• [What to work on] Find the "Hinge/Door check strap" line in the records below and repeat it and every later line exactly, up to the last; do not include pictures.

Caption-style text data:
__________________________________________________

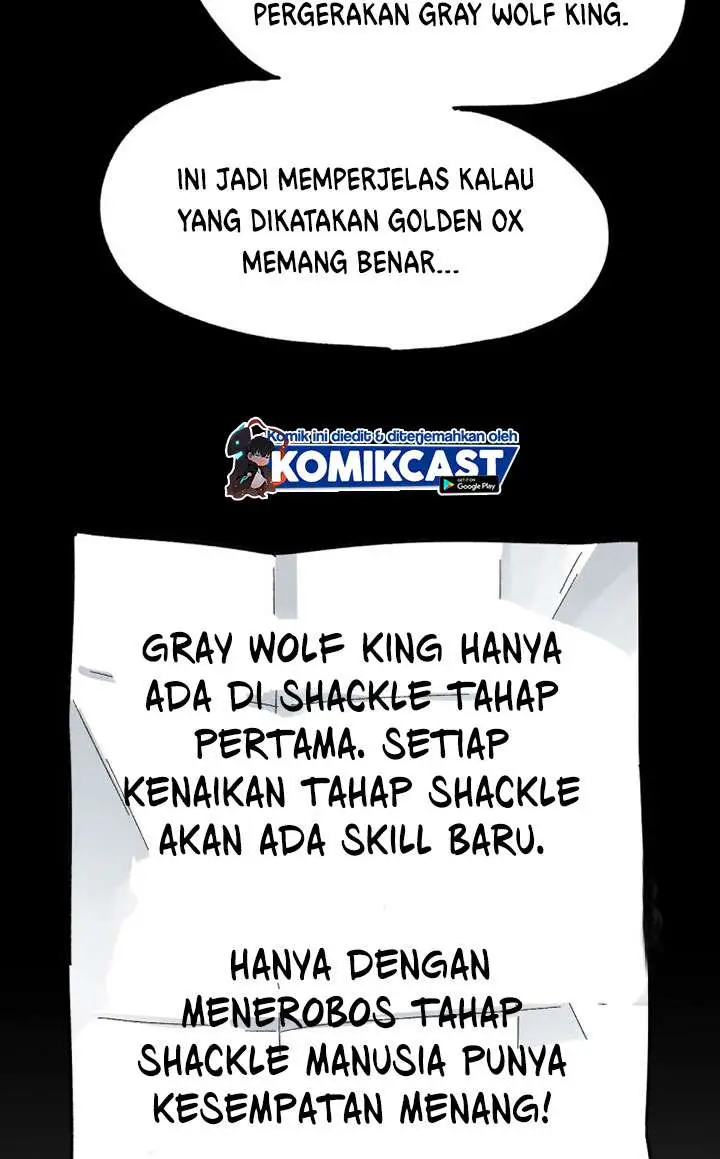 image-komik-the-sacred-ruins-chapter-64-88/97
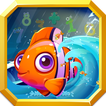 Numera Sea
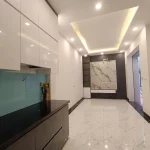  32m2 - 5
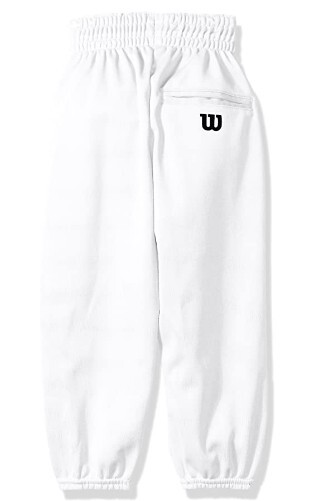 American Style Baseball Pants, Softball Pants, Drawstring, Youth and Children, Thin, Cuffed, Reinforced, Three-Quarter Length, Nine-Quarter Length, White, Gray, Black American Style Baseball Pants, Softball Pants, Drawstring, Youth and Children, Thin, Cuffed, Reinforced, Three-Quarter Length, Nine-Quarter Length, White, Gray, Black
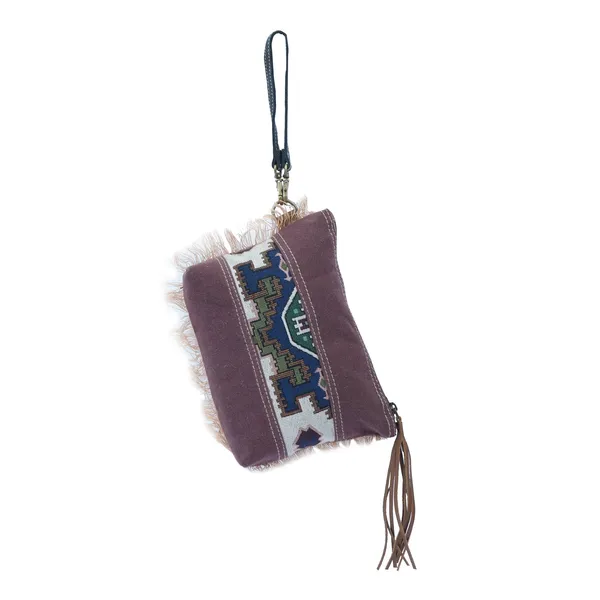 Deco_Pouch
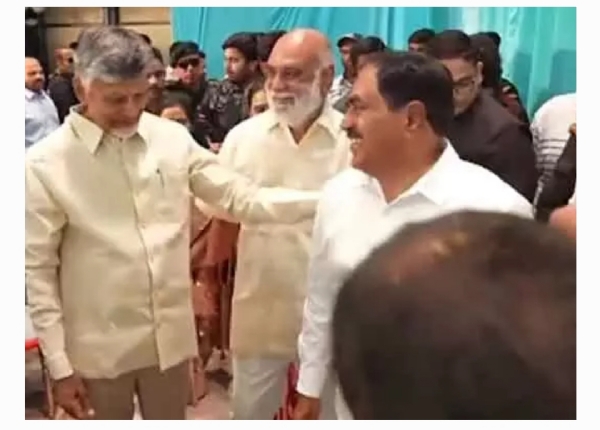 Cm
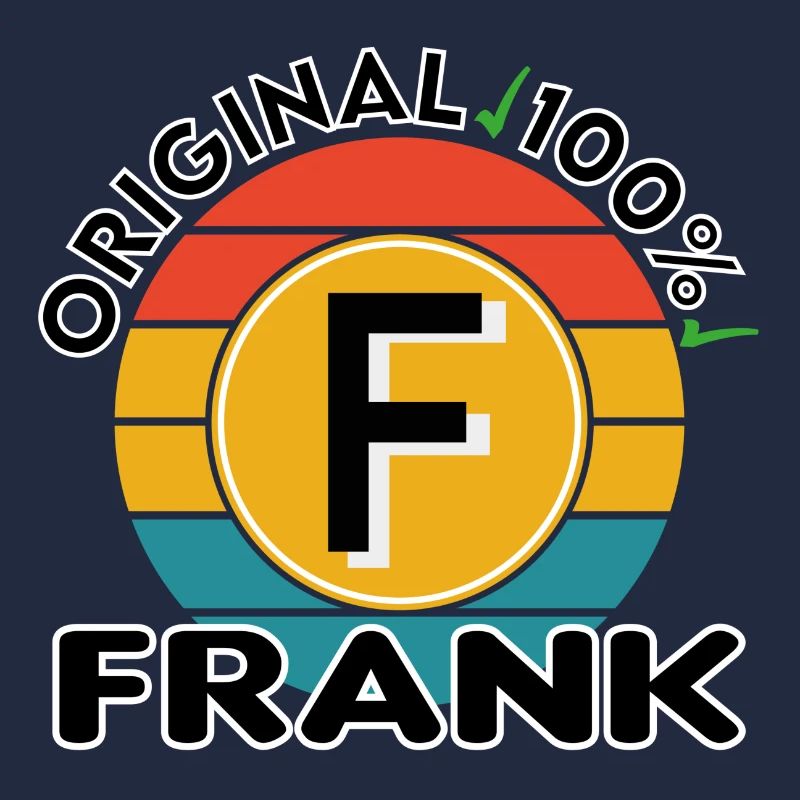 Frank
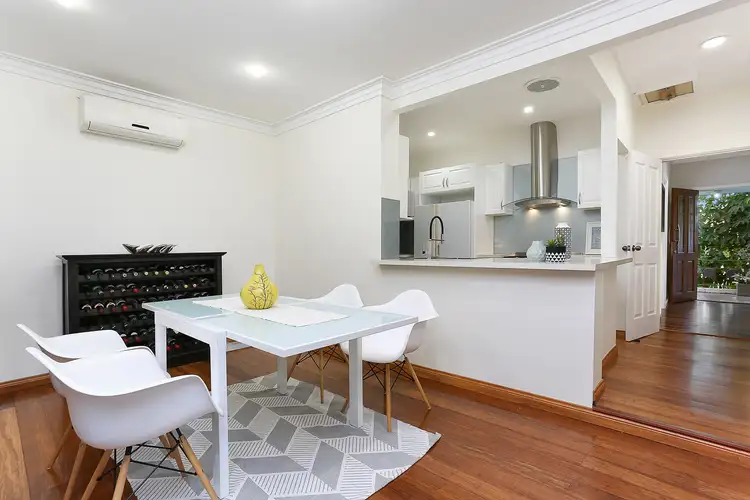 Third view of Homely house listing, 4 Varndell Place, Dundas Valley NSW 2117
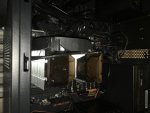 20160726_170333159_iOS.jpg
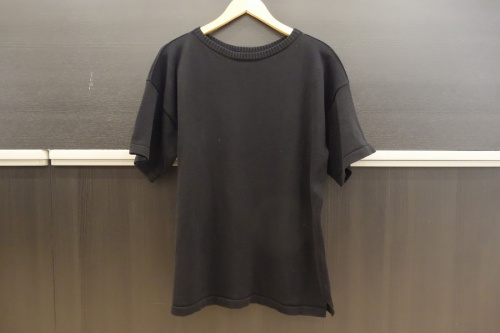 インポートブランドのANDERSEN-ANDERSEN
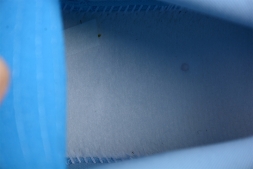 Nike Air Jordan 1 low Aluminum DC0774-141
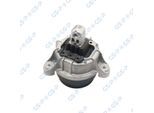 GSP Lagerung, Motor 532470 für BMW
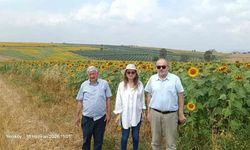 Osmaniye'nin Cankurtaranlarına Kritik Denetim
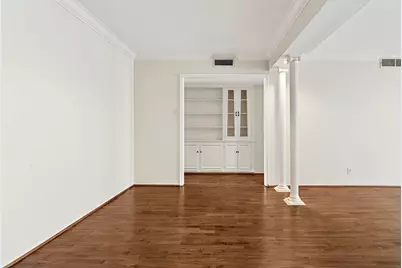 6367 Diamond Head Circle #D, Dallas, TX 75225 - Photo 8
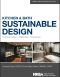 Kitchen and Bath Sustainable Design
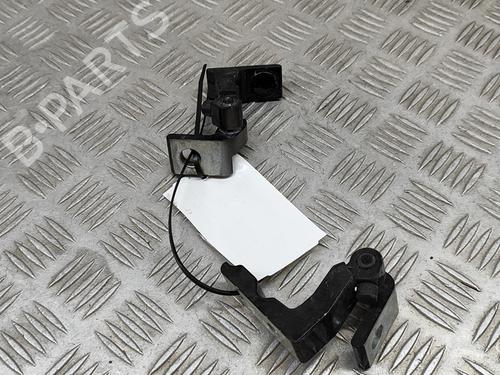 Hinge/Door check strap AUDI A5 Sportback (F5A, F5F) 35 TFSI Mild Hybrid | BP28432231C146 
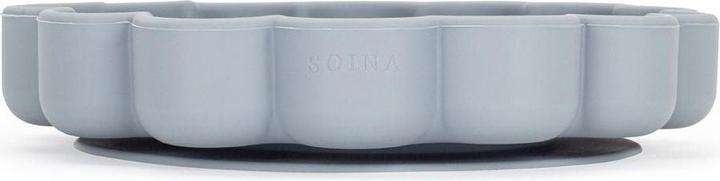 Immagine prodotto Soina Eden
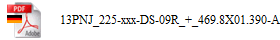 13PNJ_225-xxx-DS-09R_+_469.8X01.390-ADB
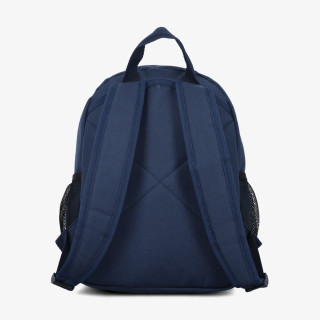 Champion Раница BACKPACK 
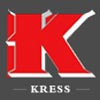 Zhejiang Kress Industry and Trade Co.,Ltd
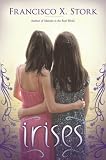 Amazon cover image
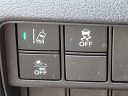 Thumbnail image of 2022 Honda CR-V at J L Freed Honda (Used)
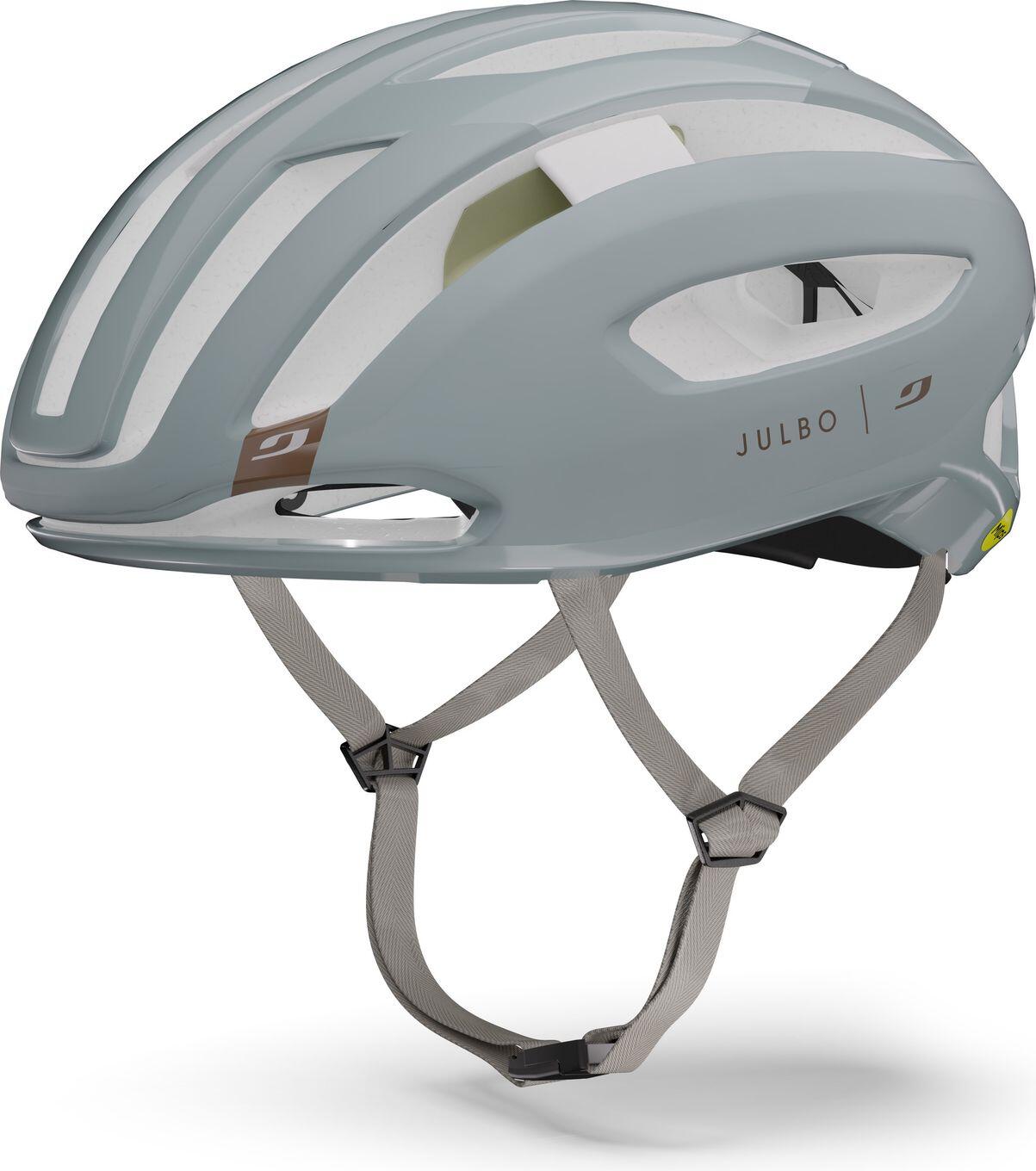 JULBO picture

__________________________________________________

• [Solution to this task]
 Hinge/Door check strap AUDI A5 Sportback (F5A, F5F) 35 TFSI Mild Hybrid | BP28432231C146 
 Immagine prodotto Soina Eden
 13PNJ_225-xxx-DS-09R_+_469.8X01.390-ADB
 Champion Раница BACKPACK 
 Zhejiang Kress Industry and Trade Co.,Ltd
 Amazon cover image
 Thumbnail image of 2022 Honda CR-V at J L Freed Honda (Used)
 JULBO picture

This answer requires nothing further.